Work to complete. Only the images get left out; everything else in the records is to be transcribed exactly.

Data for this task.
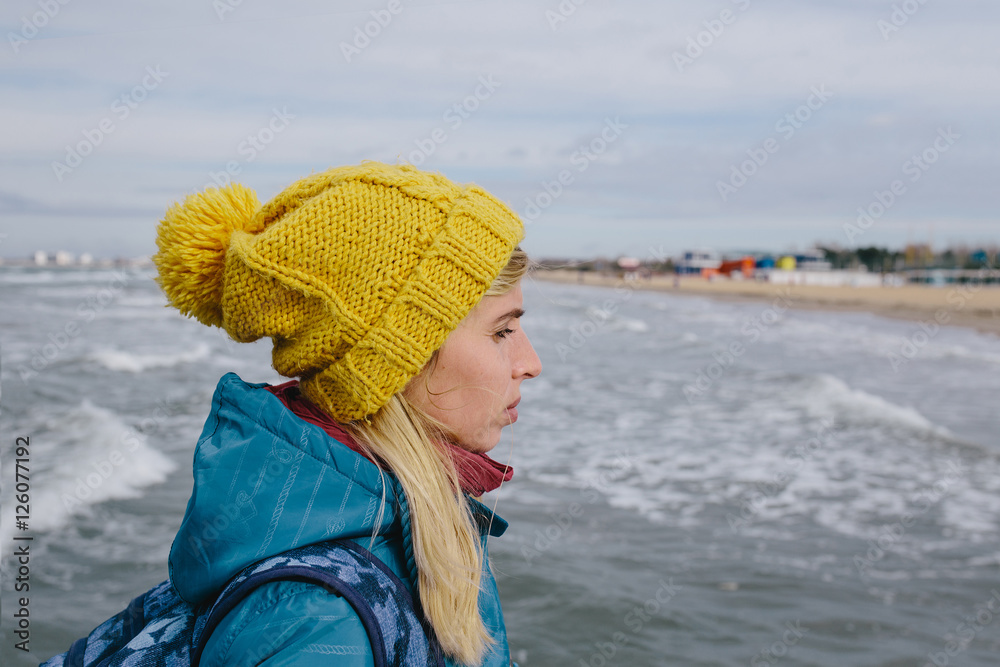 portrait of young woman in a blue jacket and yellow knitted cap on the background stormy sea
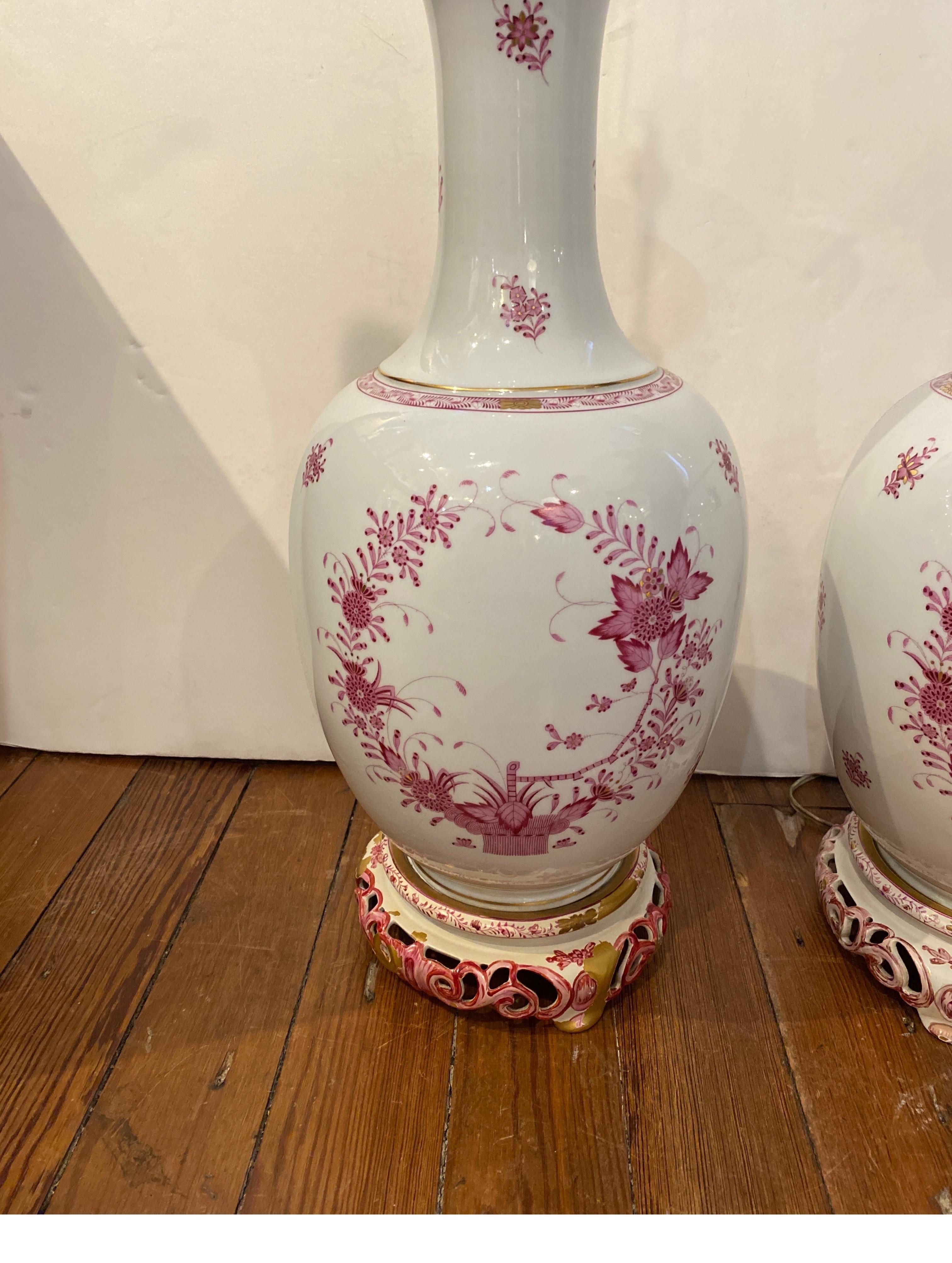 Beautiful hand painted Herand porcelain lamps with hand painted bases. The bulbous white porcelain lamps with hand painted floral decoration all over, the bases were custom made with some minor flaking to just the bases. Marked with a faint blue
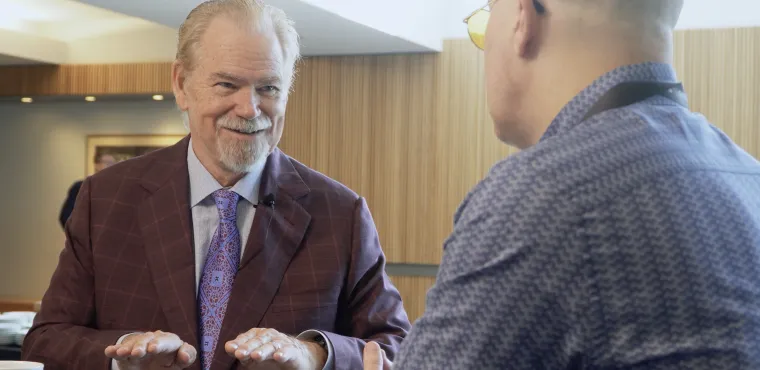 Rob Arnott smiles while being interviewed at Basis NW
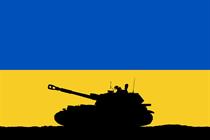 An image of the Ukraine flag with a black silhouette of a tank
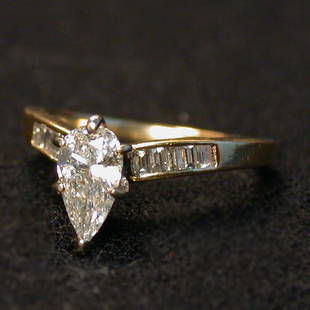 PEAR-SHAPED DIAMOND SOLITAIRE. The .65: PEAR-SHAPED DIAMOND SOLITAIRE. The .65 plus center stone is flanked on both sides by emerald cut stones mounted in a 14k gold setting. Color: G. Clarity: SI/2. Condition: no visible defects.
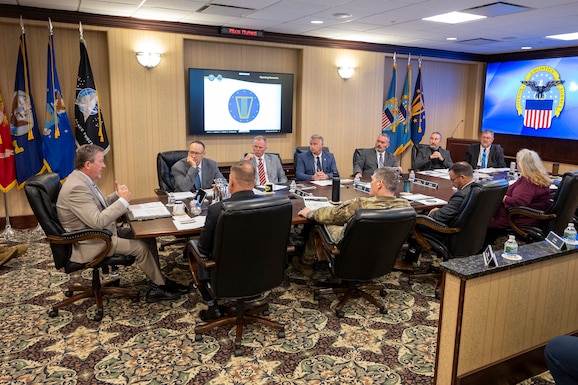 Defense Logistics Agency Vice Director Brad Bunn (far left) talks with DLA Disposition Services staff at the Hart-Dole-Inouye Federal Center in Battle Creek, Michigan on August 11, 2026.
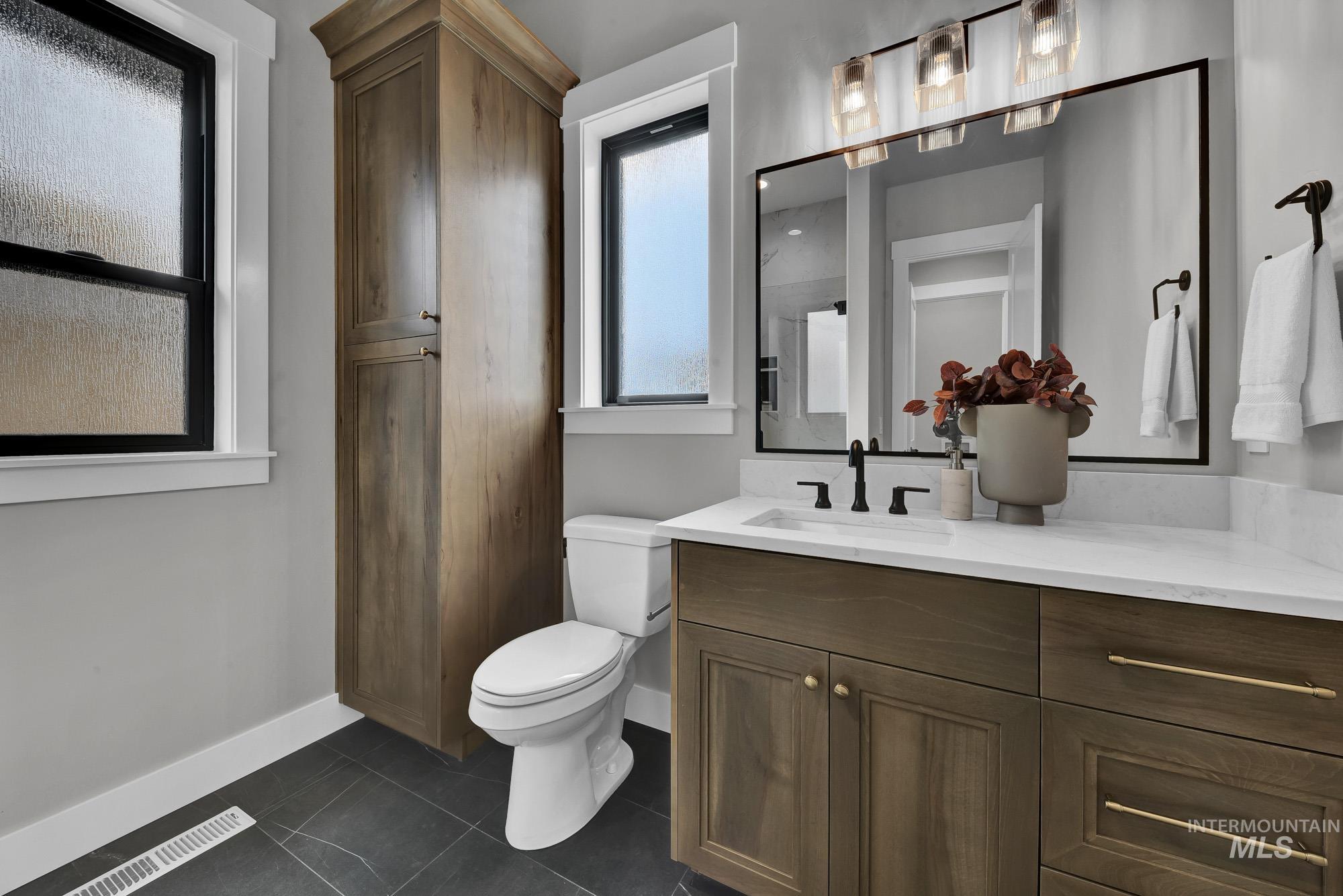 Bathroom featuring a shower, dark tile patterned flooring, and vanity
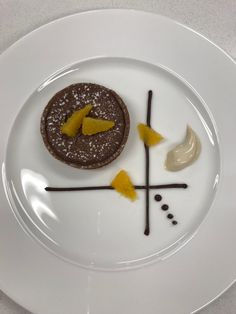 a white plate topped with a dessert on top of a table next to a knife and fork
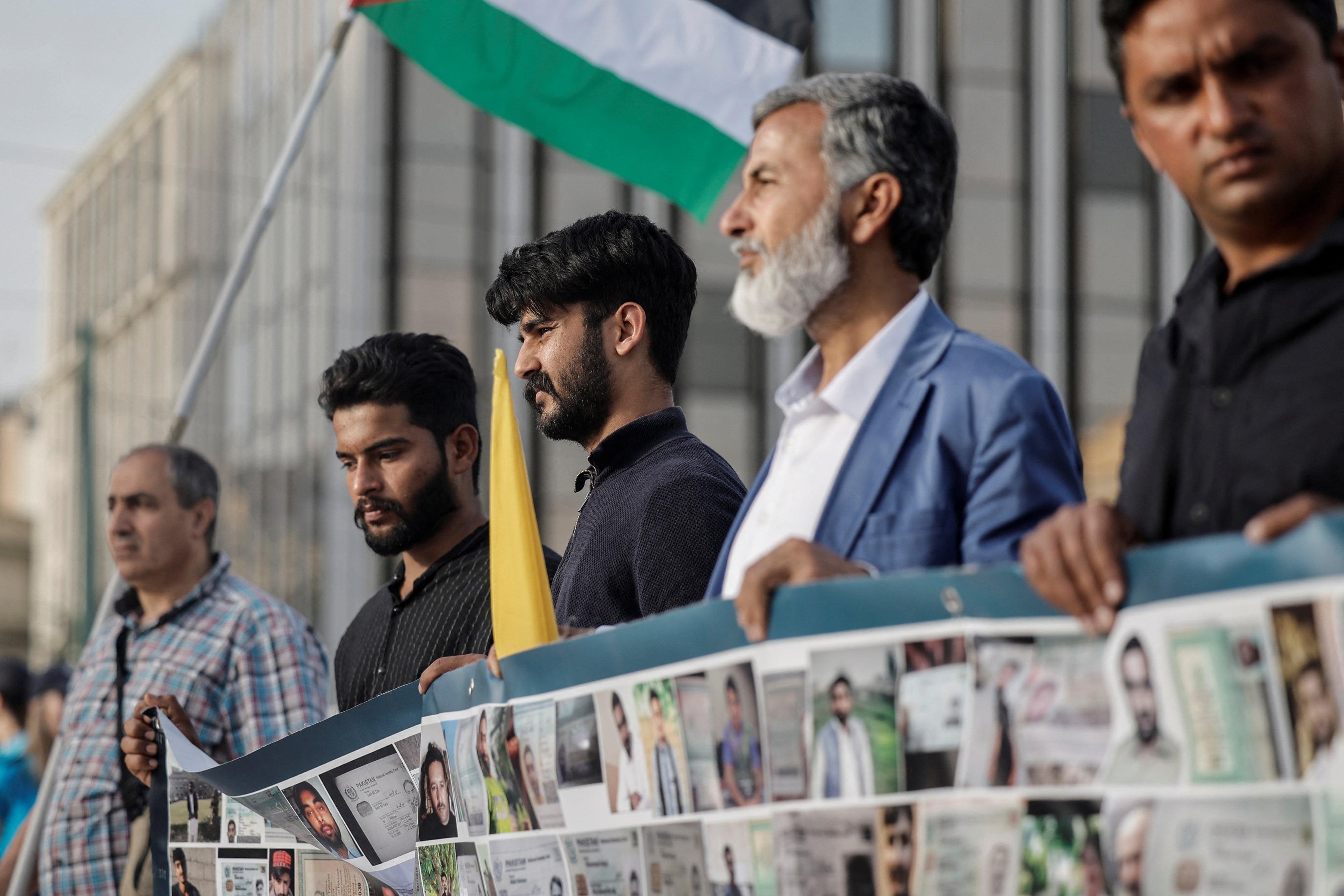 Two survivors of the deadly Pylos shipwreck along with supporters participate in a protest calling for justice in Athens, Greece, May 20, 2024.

Your solution.
 portrait of young woman in a blue jacket and yellow knitted cap on the background stormy sea
 Beautiful hand painted Herand porcelain lamps with hand painted bases. The bulbous white porcelain lamps with hand painted floral decoration all over, the bases were custom made with some minor flaking to just the bases. Marked with a faint blue
 Rob Arnott smiles while being interviewed at Basis NW
 An image of the Ukraine flag with a black silhouette of a tank
 PEAR-SHAPED DIAMOND SOLITAIRE. The .65: PEAR-SHAPED DIAMOND SOLITAIRE. The .65 plus center stone is flanked on both sides by emerald cut stones mounted in a 14k gold setting. Color: G. Clarity: SI/2. Condition: no visible defects.
 Defense Logistics Agency Vice Director Brad Bunn (far left) talks with DLA Disposition Services staff at the Hart-Dole-Inouye Federal Center in Battle Creek, Michigan on August 11, 2026.
 Bathroom featuring a shower, dark tile patterned flooring, and vanity
 a white plate topped with a dessert on top of a table next to a knife and fork
 Two survivors of the deadly Pylos shipwreck along with supporters participate in a protest calling for justice in Athens, Greece, May 20, 2024.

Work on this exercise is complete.